Alan Alan - 3 months ago 15
Python Question

Finding anchor tags within a table using selenium chromedriver

I am trying to build an application that automates the process of downloading several anime episodes and i am stuck. So far i've been able to locate the episode links using the following code:

def get_episodes(driver):
WebDriverWait(driver, 10).until(EC.presence_of_element_located((By.XPATH, "//a[contains(@title,'Episode')]")))
episodes = driver.find_elements_by_xpath("//a[contains(@title,'Episode')]")
del episodes[-1]
episodes = list(reversed(episodes))
return episodes


However recently i've found out that not every episode contains the word 'episode' in its link text.
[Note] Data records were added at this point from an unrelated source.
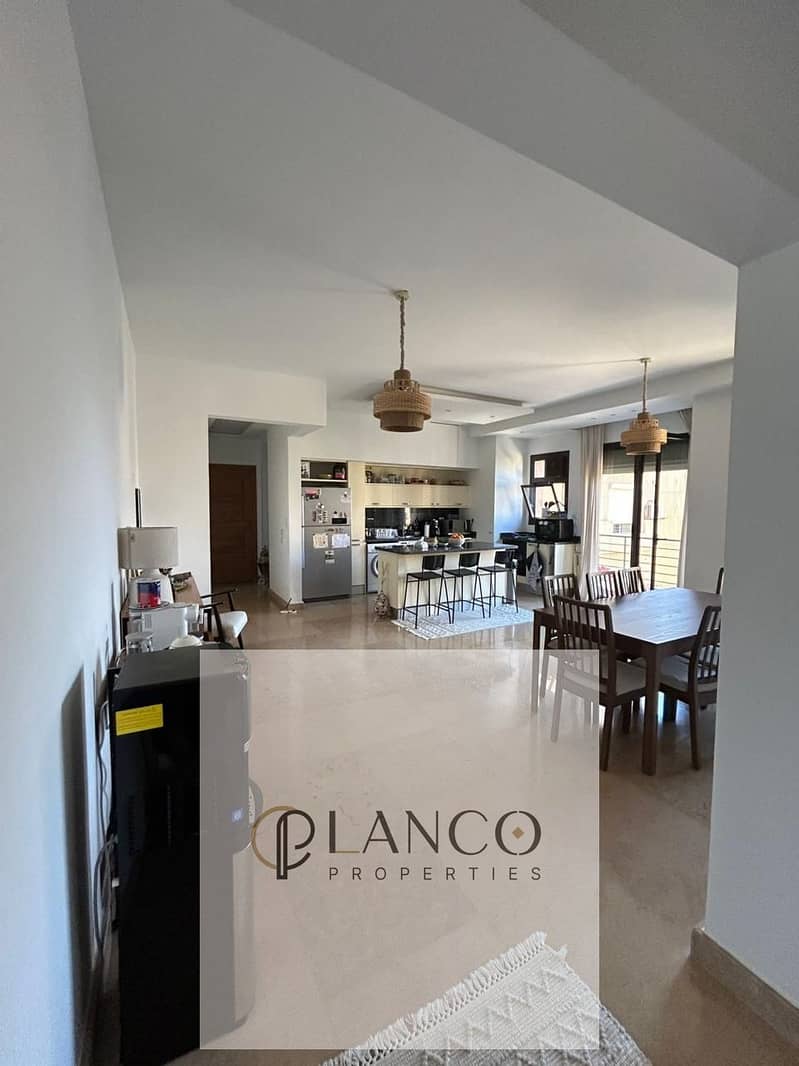 3 917df1c1-4797-4f54-93df-431694a1f9b5. jpeg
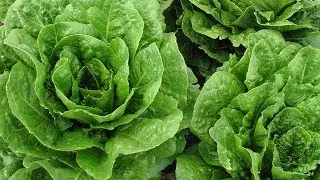 E.coli linked to two minnesota deaths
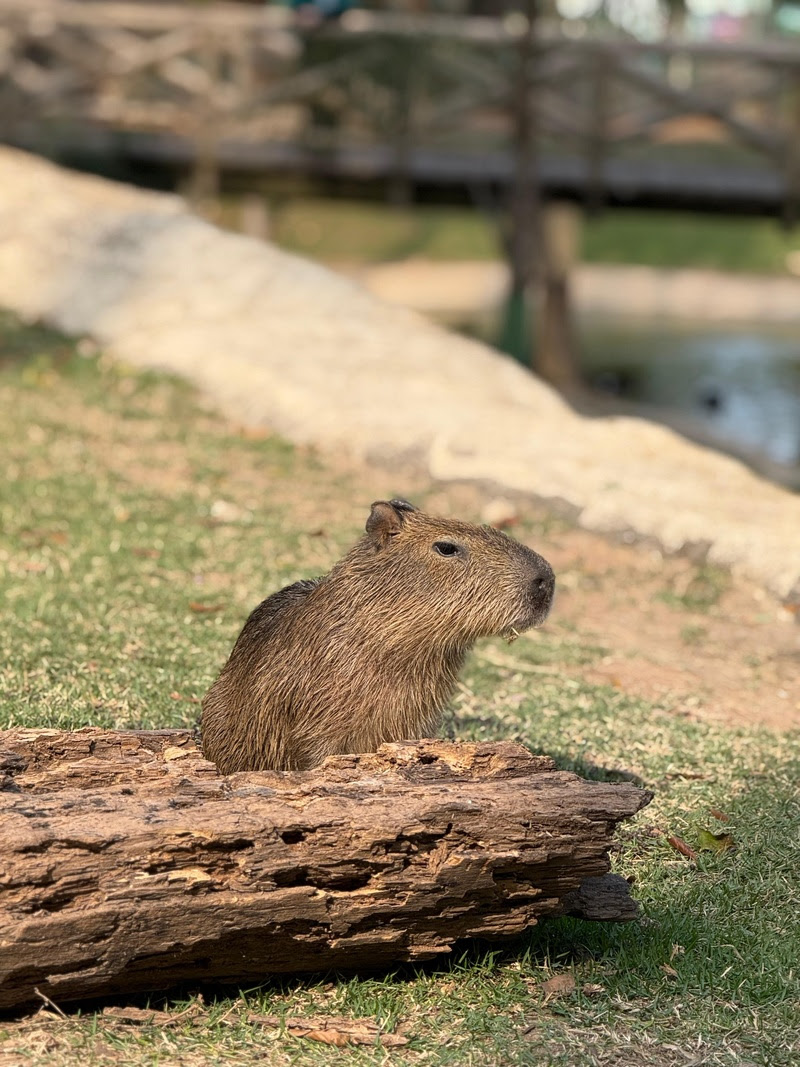 De resgatado a estrela: Capivaldo, a capivara do BioParque  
As such, i am trying to figure out another way to get every link to an episode. The basic structure of the page contains a table, and each link is located inside a
<td>
element.

I've thought of gathering all the td elements, and then getting their children (or should i say child) by using css selectors. Nevertheless, this won't work either because there are more
<td>
elements than those that meet the eye.

Here's an example page for reference. I am a noob as far as selenium is concerned, and thus not very familiar with its api, so i don't know exactly what i am looking for. Any suggestion is appreciated.

Answer

You're on the right track, but you may be over-thinking this a bit. Why not just target the table that we know has the episodes, then use a list comprehension to grab all the episode links?

def get_episodes():
    episode_table = driver.find_element_by_class_name('listing')
    episode_links = [i.get_attribute('href') for i in episode_table.find_elements_by_tag_name('a')]
    print(episode_links)

    >>>['http://kissanime.to/Anime/Death-Note-Dub/Episode-037?id=97557', 'http://kissanime.to/Anime/Death-Note-Dub/Episode-036?id=97556', 'http://kissanime.to/Anime/Death-Note-Dub/Episode-035?id=97555', 'http://kissanime.to/Anime/Death-Note-Dub/Episode-034?id=97554',etc..]